We were trying to make the next great leap, and none of us could really know at the beginning what that leap was or how long it would take. We were building the road while also building the car driving on it. No one had ever done anything like Quake before.
Romero echoed Carmack’s belief that id should have stuck with a “Doom++” approach while ironing out the fully-3D engine. He credited American McGee, whose time at id ended under disputed circumstances, for being “really good” at building Quake levels. The framing he offered leaned on the uncertainty at the start of the project, with all of them unable to see the shape of the leap they were attempting. His beat, in the thread, was pride first, regrets second.
Romero closed by writing, “There are a hundred things we could have done differently, but we did the best we could do at the time with what we knew. id still goes on, and so does Wolf, Doom, and Quake. Maybe that was what we came together to do.” Following Carmack’s apology, Petersen said he did not blame Carmack for how it all worked out and told Romero he “did an incredible job” on Quake.
Romero thanked Petersen for starting the conversation, and the thread settled. Three posts from three of id’s most public voices, all on the same day.
What Quake Built Anyway
For all the human cost, the game itself rewired what a first-person shooter could be. Quake shipped fully 3D in a year when most shooters were still using 2.5D tricks like Doom and Duke Nukem 3D. Real 3D collision and physics, 360-degree movement, and true verticality arrived in the same package. The CPU demands drove the first wave of consumer 3D graphics cards, with the 3dfx Voodoo, ATI Rage, and Nvidia Riva cards all leaning on Quake to sell hardware. Online multiplayer took its modern shape inside QuakeWorld, the post-release update that hardened networked deathmatch into a culture.
- Quake shareware released: June 22, 1996 (MS-DOS, North America)
- Full retail release: July 22, 1996
- Petersen and Carmack posts: June 24, 2026
- Named departures within a couple years of Quake: 6 (Romero, Green, Taylor, Abrash, McGee, Petersen)
- Source code still public: winquake, glquake, quakeworld, glquakeworld on GitHub under GPL
The modding community Quake enabled produced Team Fortress and other total conversions. A generation of developers, including the founders of Valve, first cut their teeth on Quake modding. The game’s full source code is still public on GitHub under GPL, listed as available “for entertainment and educational purposes.” Three decades in, the thread that started with Petersen’s post was still open for replies.
Frequently Asked Questions
When was Quake released?
Quake’s shareware first episode shipped on June 22, 1996 for MS-DOS in North America, with the full retail version following on July 22, 1996. id Software developed it and GT Interactive published it.
Who designed Quake?
id Software, the studio co-founded by John Carmack and John Romero, developed Quake. Sandy Petersen was a co-designer who joined id in 1993, and American McGee was a designer on the project.
Why did so many people leave id Software after Quake?

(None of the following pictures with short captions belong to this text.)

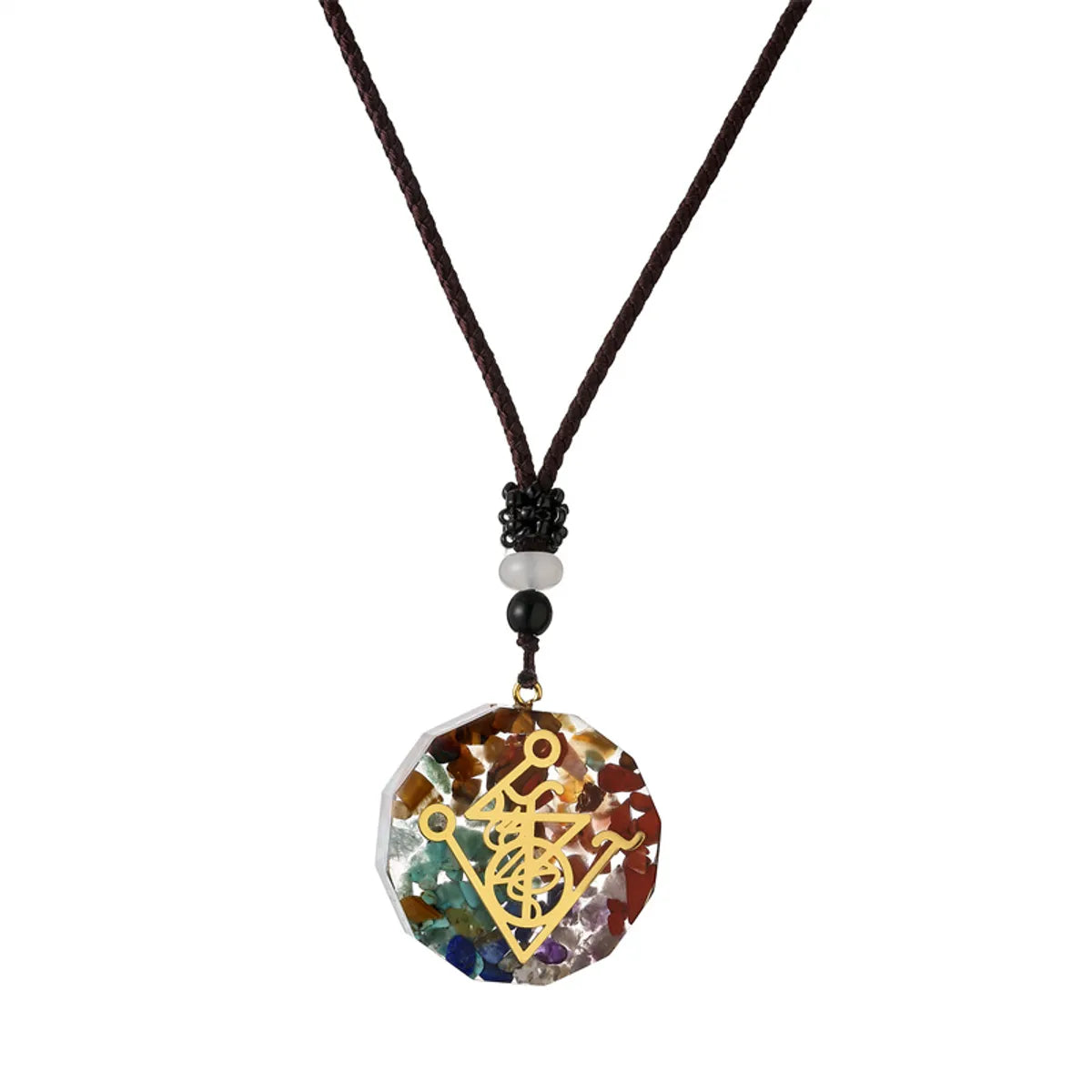 Wholesale Jewelry Casual Ethnic Style Tree Stainless Steel Resin Pendant Necklace Long Necklace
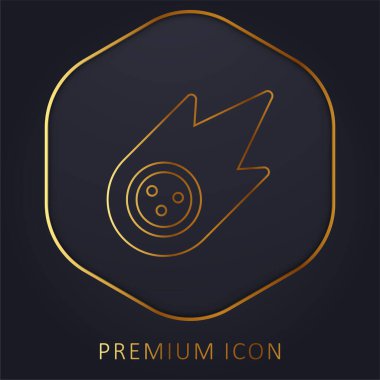 Asteroid golden line premium logo or icon clipart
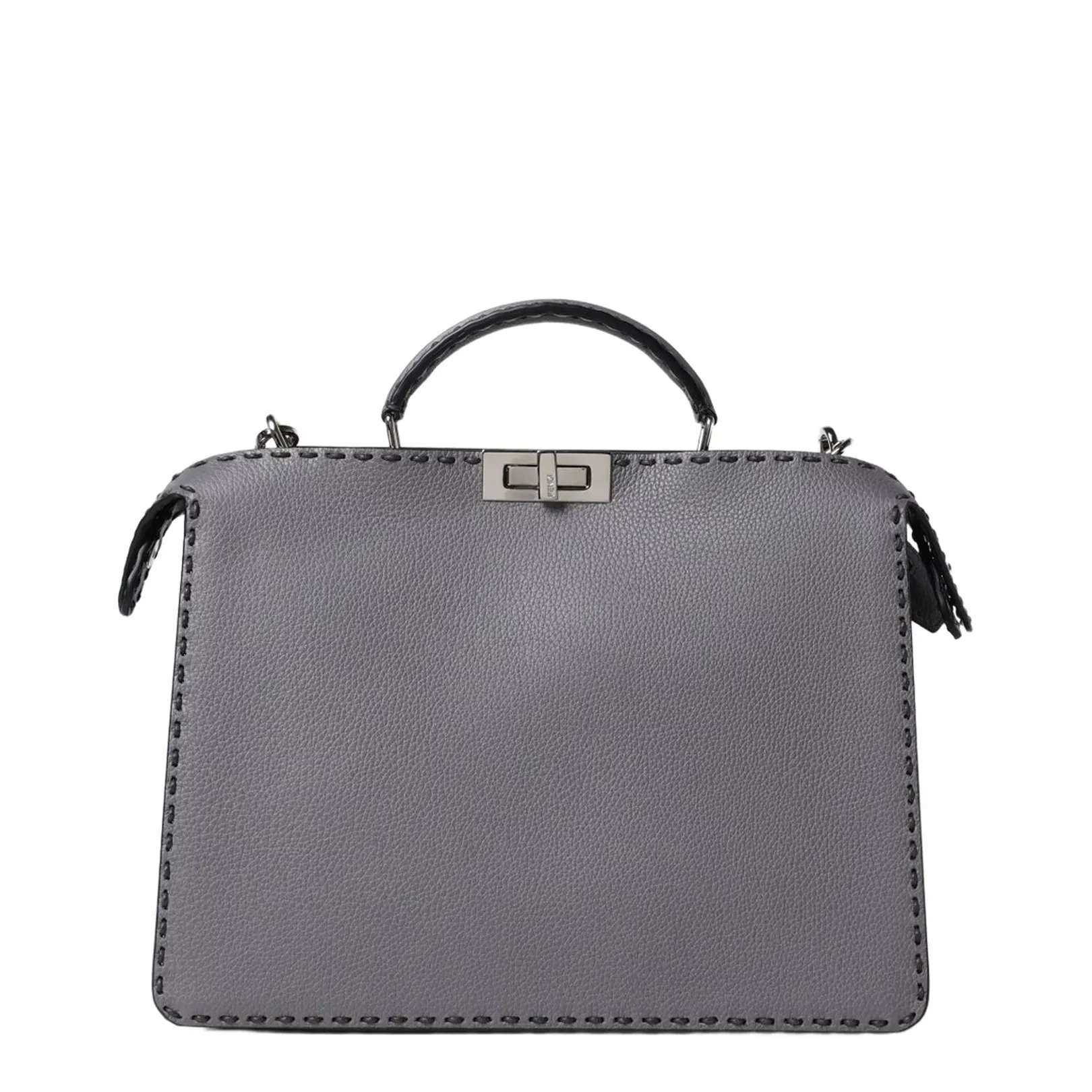 Peekaboo ISeeU Medium Selleria Grey Selleria Bag With 722 Hand Sewn Stitches
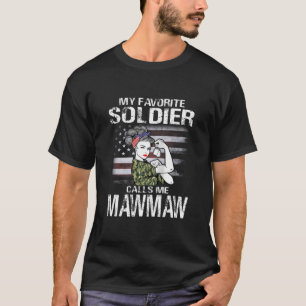 Min favoritsoldat kallar mig Mawmaw Proud Army Mam T Shirt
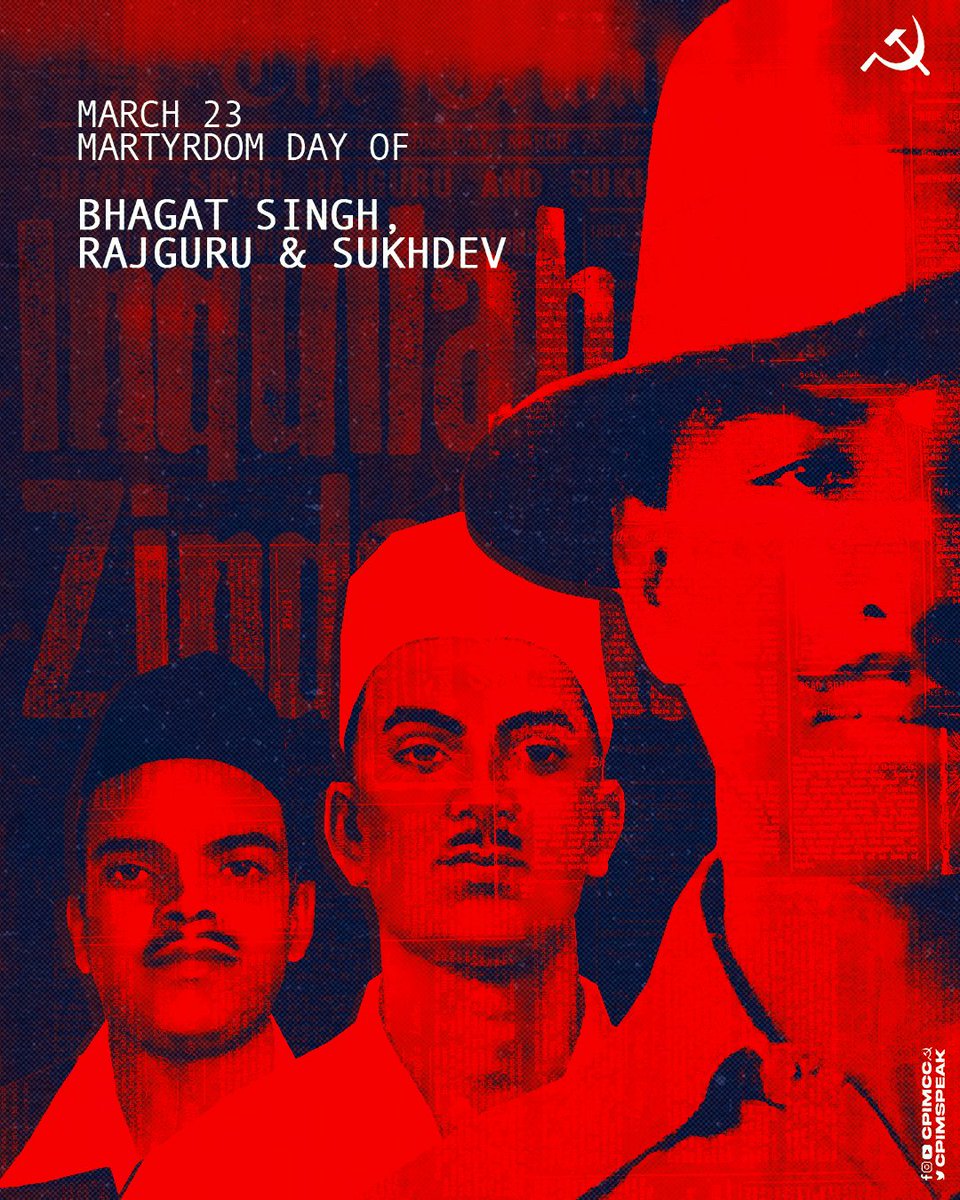 VP_Sanu's tweet photo. Bhagat Singh, Rajguru &amp; Sukhdev are revolutionary freedom fighters, guided by the dream for an egalitarian society. They shouted 'Inquilab Zindabad' to British power to challenge &amp; change the unjust societal conditions.

Bhakts, they are not in your 'apology' league. Sorry. https://t.co/VdNXHsSJuA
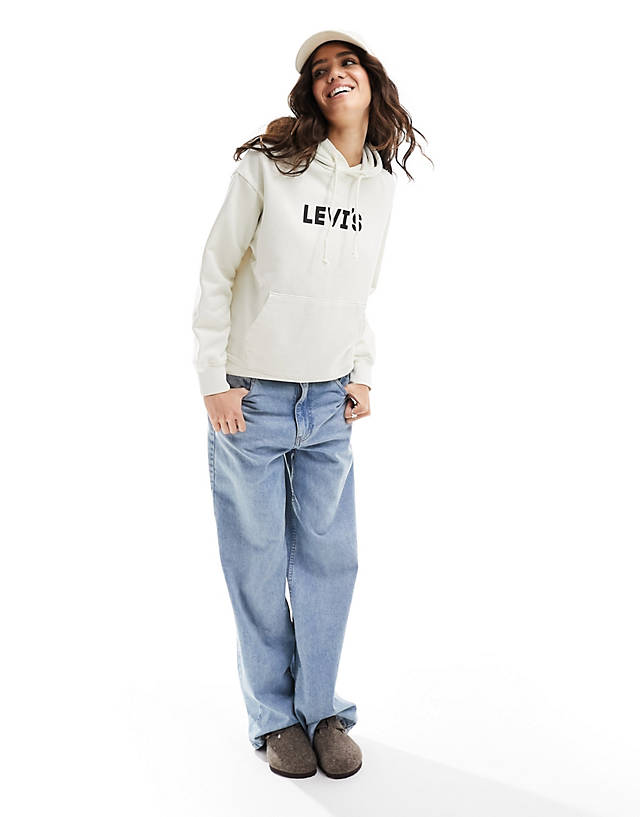 Levi's - exclusive to asos hoody with chest headline logo in cream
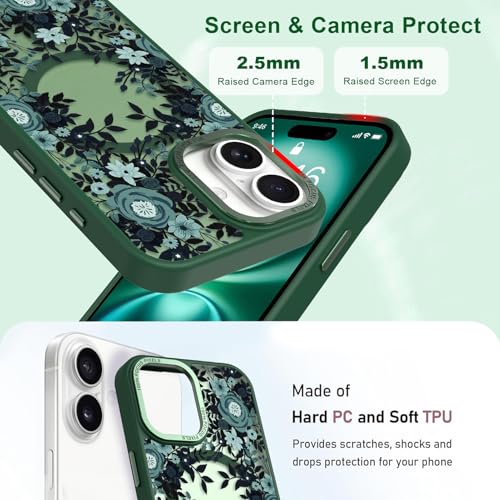 Image of Magnetic for iPhone 16 Plus Case with for Women, Green Flower | Pretty Floral Pattern Design [Compatible with MagSafe] Shockproof Slim Translucent Matte Non-Slip Protective Cover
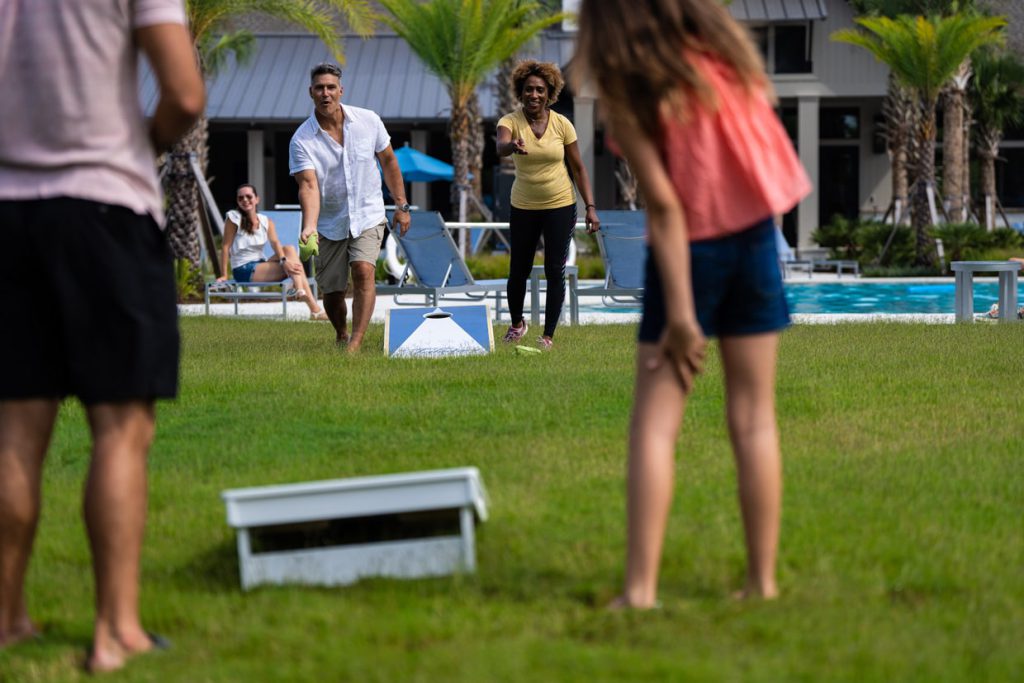 tributary residents playing yard games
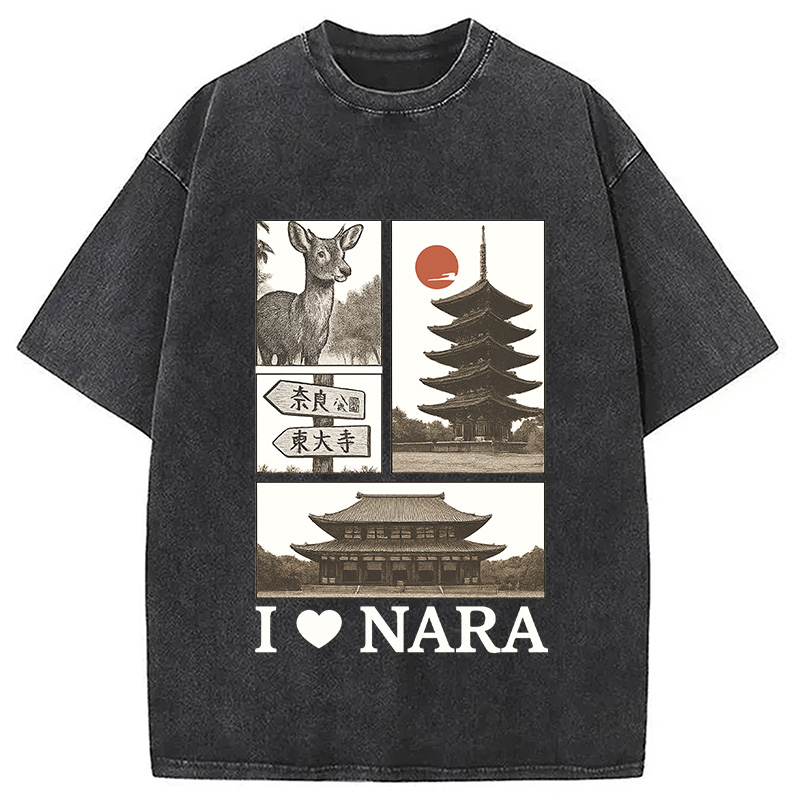 Modecanvas NARA Love Vintage Japanese Washed T-Shirt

Sandy Petersen, posting on June 24, 2026, said id’s developers worked long and hard and that the work ‘broke us spiritually.’ He listed John Romero, Shawn Green, Dave Taylor, Mike Abrash, American McGee, and himself as departures within a couple years of Quake’s release. John Carmack, responding the same day, named the studio’s pace and its stock arrangement as separate problems.
What did John Carmack apologize for?
Carmack’s June 24, 2026 post was structured as a list of admissions. He conceded Quake had been too ambitious a technical swing, that he had kept the team running at an unsustainable pace, that the studio’s original stock arrangement had set bad incentives, and that designers should have been paired with artists earlier. The post closed with the line addressed to Sandy Petersen.
Is id Software still around?
id, Wolfenstein, Doom, and Quake all still exist as brands, per John Romero’s reply in the same thread.